I'll give a back story to all of this.

I had known of Henry Rollins from his music but was never an outright fan. I liked his music.

In the Australian summer of 2013, I had discovered this amazing site called zenpencils with illustrated quotes with the authors story and interpretation. I found a Henry Rollins quote which caught my attention. My mind was screaming at times to take a new path. I wouldn't let myself. I became interested in his works and I ordered a book from Amazon which was a condensed version of his previous works.

In February 2013, whilst managing a liquor store I was held up at knife point. I was traumatised by it. I switched to part time uni to compensate. During this time, the book arrived.

I would read it when I was catching the train to and from uni. I read it while I was getting help from my psych. Not during the sessions of course. What it taught me is that for all my strangeness, for all my depression, for how I had few friends, for how I didn't fit in.... I was okay. I didn't need to be like others and that helped during a time when I constantly felt scared.

When I heard he was coming to Australia, I bought a ticket. I left the show thinking to myself, he was right when he said he demanded an upgrade and to challenge my beliefs to became a new person. I have beliefs I am challenging and wanting to grow.

There's so much I have wanted to do but the way my mind was conditioned prevented it. Listening to Rollins, there is a lot I want to do. It isn't about fitting in anymore or having some group of friends. It's about doing things my way and not somebody else's. I'm yet to find my way but damned if I will live it according to someone else.

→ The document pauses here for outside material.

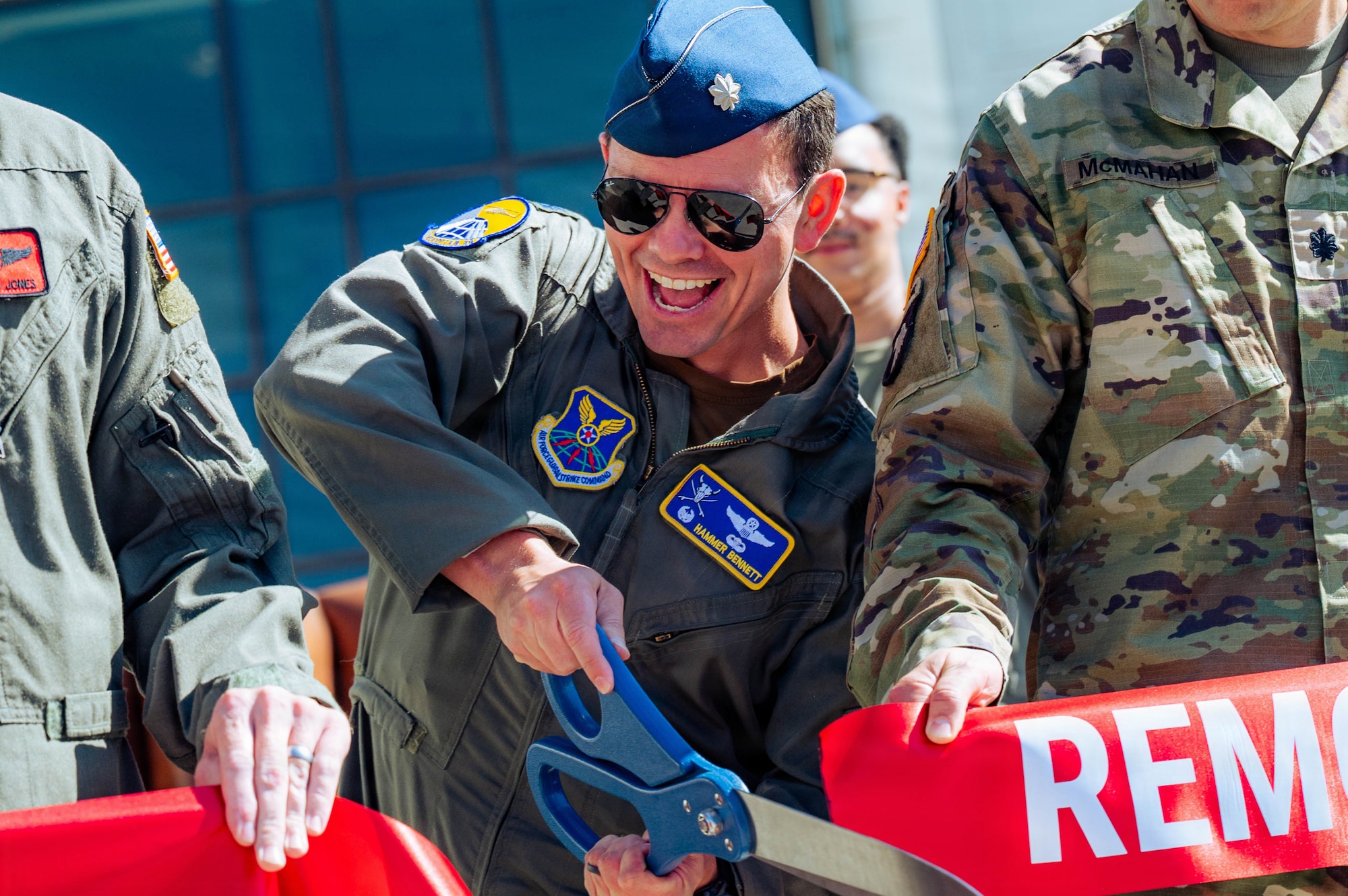 Col. Bennet cuts a ribbon with a large pair of scissors in front of the 37th Helicopter and 90 MSOS TRF Building.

I used to have a quote about life. I used to have so many coming through high school as I tried to find a way to cope and to understand life. This one was an amalgamation of lyrics from a song by the Ataris.

Sometimes you gotta stop and remember, you're not gonna live forever. Think smart, have fun, stay true and just follow your heart.

It was like a philosophy for me. Now, it isn't. I woke up this morning and realised that I don't believe in it anymore. It doesn't fit.